September 08, 2006

Be Careful Where You Get Your Hair Cut

If you were watching ESPN late Thursday night in the approximate time range of 12:30 a.m., you may have come across a commercial (or more appropriately, a public service announcement) warning high school athletes about the perils of steroid use.

And regardless of how closely you were paying attention to this commercial, the operative word you most likely took away from the ad was dangerous. As in, Don't do steroids. They're DANGEROUS.

Remember that episode of Seinfeld where George ends up dating the young woman from Elaine's office? The woman wasn't remotely interested in George until Elaine told her that George was a bad seed. And then, all of a sudden, she became obsessed with him (leading to a transcendent moment in which George meets the woman in a public park while wearing a high school style letter jacket).

Anyhow, the point is this: Does whoever designed this public service announcement really think that the word "dangerous" is a deterrent to high school kids? High school kids love danger. They think they're invincible, which is why they drive their cars inappropriately fast (sometimes in the wrong lane), try out their kung fu techniques on mailboxes, shoot out windows with slingshots, etc.

So if the public service announcement makers of the world are naive enough to think that the old "Steroids are dangerous, so don't do them!" bit is going to do anything other than add another layer of intrigue to an already alluring temptation for high schoolers, they've got their head in the wrong place (read: up their asses).

If you're attempting to really point out what's bad about steroids for high school kids, you've got to know your audience. What are kids (and all of us, for that matter) really worried about? Sure, health is a factor, but more than anything, most of us on Planet Superficial care about our looks. So there's very little question it would be more effective to say, "Go ahead and do steroids if you want, but just know that your balls are going to shrink and you'll get horrible acne."

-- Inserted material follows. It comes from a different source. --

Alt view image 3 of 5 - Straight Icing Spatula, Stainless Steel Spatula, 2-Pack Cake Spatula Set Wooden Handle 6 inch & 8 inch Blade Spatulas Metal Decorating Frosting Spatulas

Certainly saying that would be better than offering up the notion of danger as the primary deterrent. Because if the aforementioned episode of Seinfeld points out anything, it's that danger (assuming you survive) is pretty much completely radical.
  • And now, a very sincere OCC thank you to Detroit Lions' assistant coach Joe Cullen for introducing a new and wonderful concept into the lexicon: The Naked DUI. Yes, that's right -- Cullen has been busted two times in the past fortnight for getting all drunk and sloppy and putting on his birthday suit (one time, he took it up a notch by going for late-night, nude drunken eats at a Wendy's). The upshot of this: Now, when a friend (heaven forbid) or acquaintance gets a DUI, instead of saying, "Damn, that sucks," you can say, "Damn, that sucks. Was he (she) naked?" Really adds a lot to the conversation, doesn't it?
  • Does Whitney Houston feel jealous, jilted or just downright confused that there's a Kevin Costner movie coming out called The Guardian and she hasn't been asked to be in it?
  • After Wednesday's post about the new Keith Hernandez-spawned euphemism "A little out in the wilderness," an associate reminded me of another wonderful phrase to describe illicit behavior that the world needs to know about. A few weeks ago, while on vacation in Atlanta and sitting in said associate's backyard, a well-endowed SUV (meaning decked out with paint job and rims) came rolling down the driveway (the driveway is a shared one with the apartment building next door). A gentleman stepped out of the vehicle and began looking around as though he feared a sniper's bullet might puncture his gullet at any moment. At this juncture, my friend went down to speak to the man about his vehicle. A brief conversation ensued in which the man said his car was for sale, divulged the multiple thousands of dollars he had put into customizing the machine (upwards of $25K) and then, out of the blue, said, "I'm gonna go get my hair cut," at which point he disappeared into the back of the apartment building, not to be seen again. It was our estimation that this man had no intention of getting his hair cut, and it was also our estimation that this immediately needed to be introduced as a phrase essentially meaning, "Don't ask me what I'm doing; you don't want to know." So there you have it -- I'm gonna go get my hair cut. Use it wisely.